The title of the “Don’t Shoot Guns, Shoot Cameras” program speaks to its main goal: to give young people an alternative to violence.

But the instructors describe seeing the pilot program achieve more than that.

“It educates, and it gives kids exposure and experience,” Yasmin Salina, one of the founders of the Hustlers Guild, said. And it does that for children who probably wouldn’t get that chance otherwise. Salina said the people picked to participate in the program ranged in age from 13 to 17 and were picked in part because their schools don’t offer that type of programming or their families aren't in a position to afford a camp.

In that way, the program holds the potential to pull new faces into the field and diversify an industry that has come under much scrutiny for its failures in that area. During Sunday’s Golden Globes, Helen Hoehne, the vice president of the Hollywood Foreign Press Association, which determines the awards, addressed the association’s lack of Black members: “We recognize we have our own work to do. Just like in film and television, Black representation is vital. We must have Black journalists in our organization.”

Together, the teenagers worked via Zoom to write a 10-page script and then gathered in person to film it.
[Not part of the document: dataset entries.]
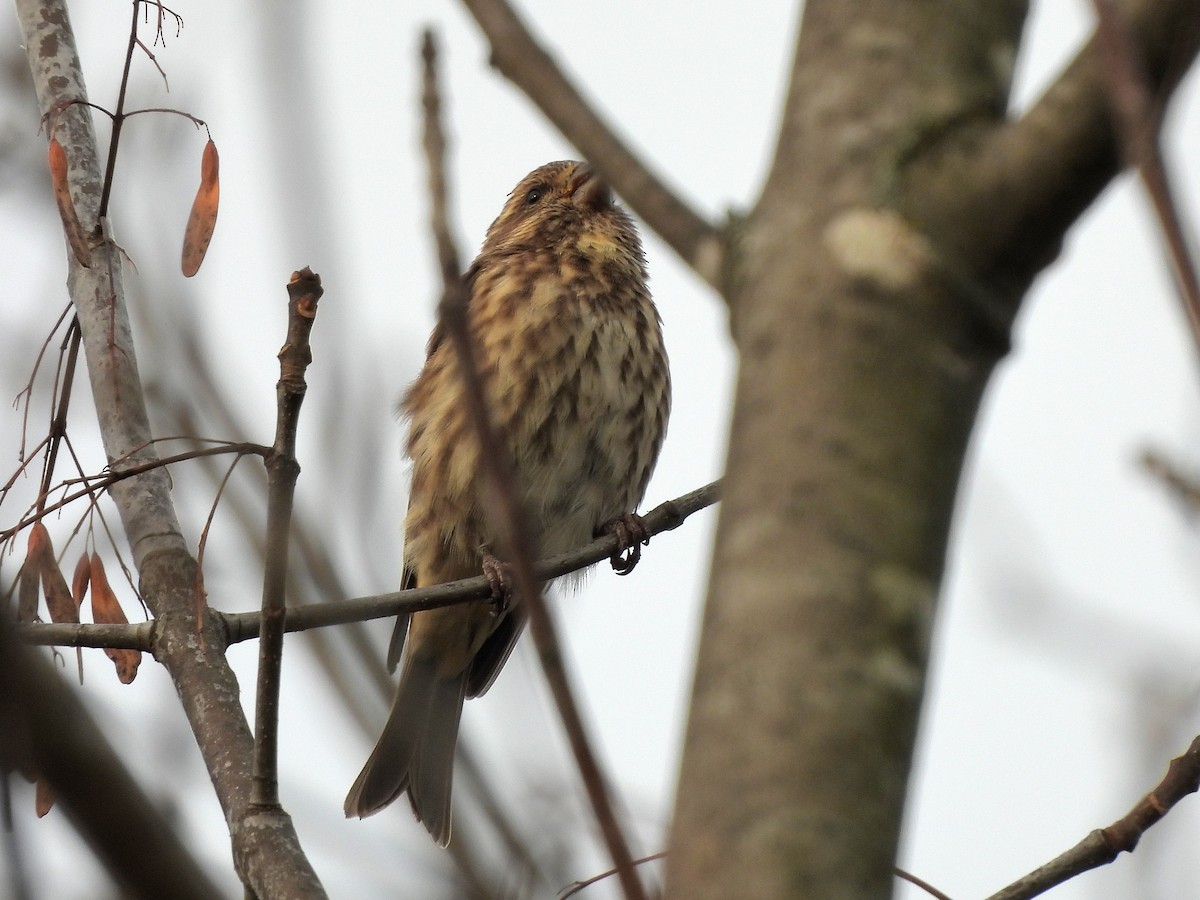 Purple Finch - ML643675840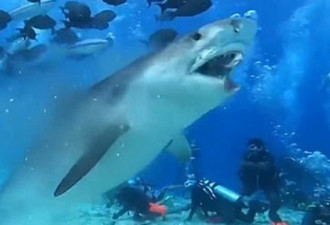 鲨鱼撕咬旗鱼头部 身后数名潜水员围观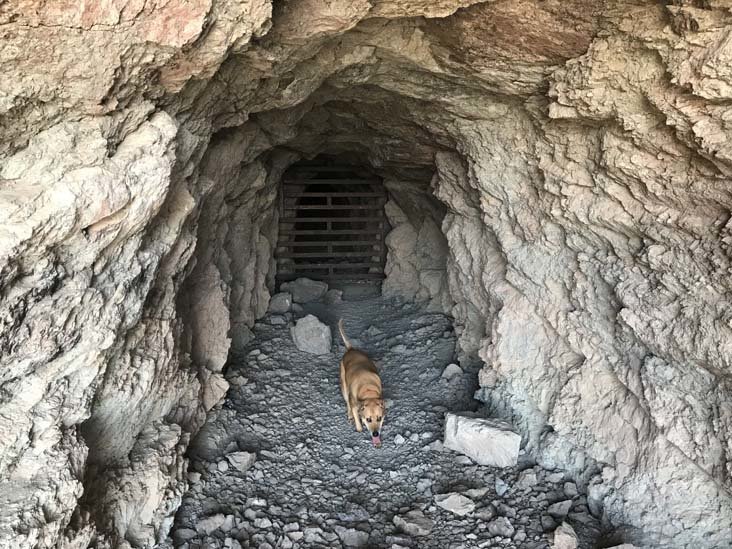 mine_shaft.jpg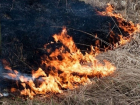 В Краснодаре в районе «Баскет-Холла» загорелась трава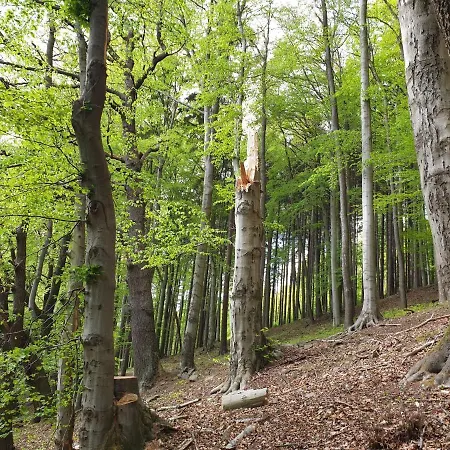 Nautical Daire Vysoka Pec (Chomutov)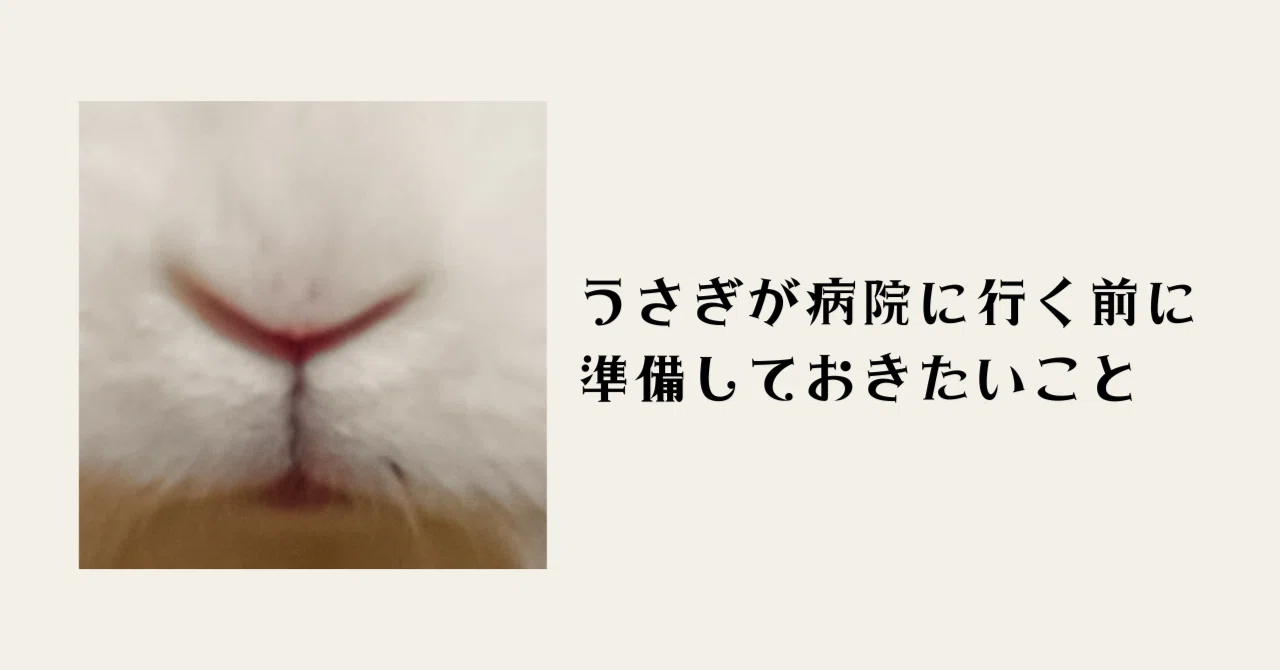 2.うさぎが病院に行く前に準備しておきたいこと｜慌てないためのチェックリスト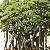 Banyantree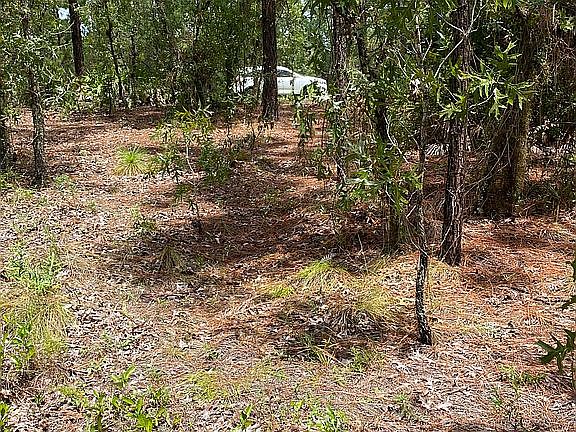4th image of 5856 W Corral Pl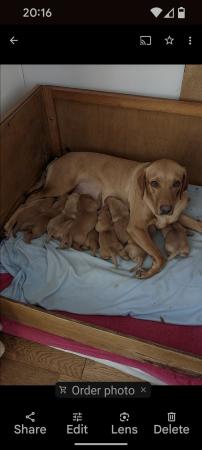 Image 4 of Beautiful fox Red and yellow Labrador pups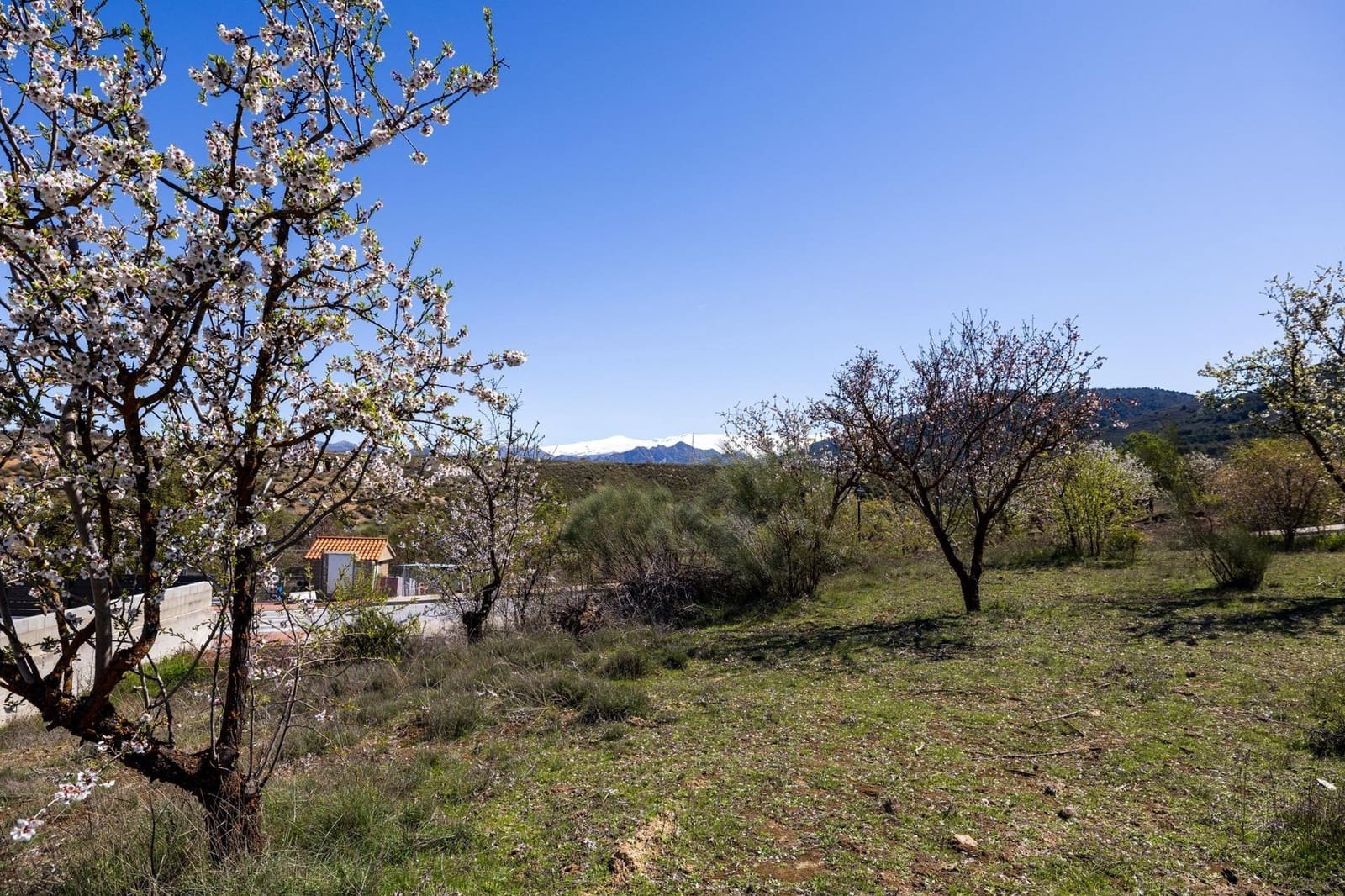 Building Plot for sale in Dilar - € 62,000 (Ref: 9711929)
During the filming, they were assisted by a group of adults that included actor Anwan “Big G” Glover, who starred in the “The Wire,” and former NBA player Matt Barnes.

In the end, they produced a short film, titled “The Store,” that starts with a young woman in D.C., having no food at home and no money to buy anything. Several days ago, it premiered online to a select audience.

Among those watching was Marley McDonald.

“I’m very proud,” she says. “It’s really fascinating to see how a collaborate effort can create a beautiful masterpiece.”

Grant, Salina and others behind the effort are now trying to raise money to expand the program. Their hope is to put more cameras in the hands of children in the District and in other cities.

Marley said when the program ended, she felt eager to do more projects and would have enjoyed having a camera available.

At the same time, she said, she left knowing this: “My time would come where I could use it to 24/7.”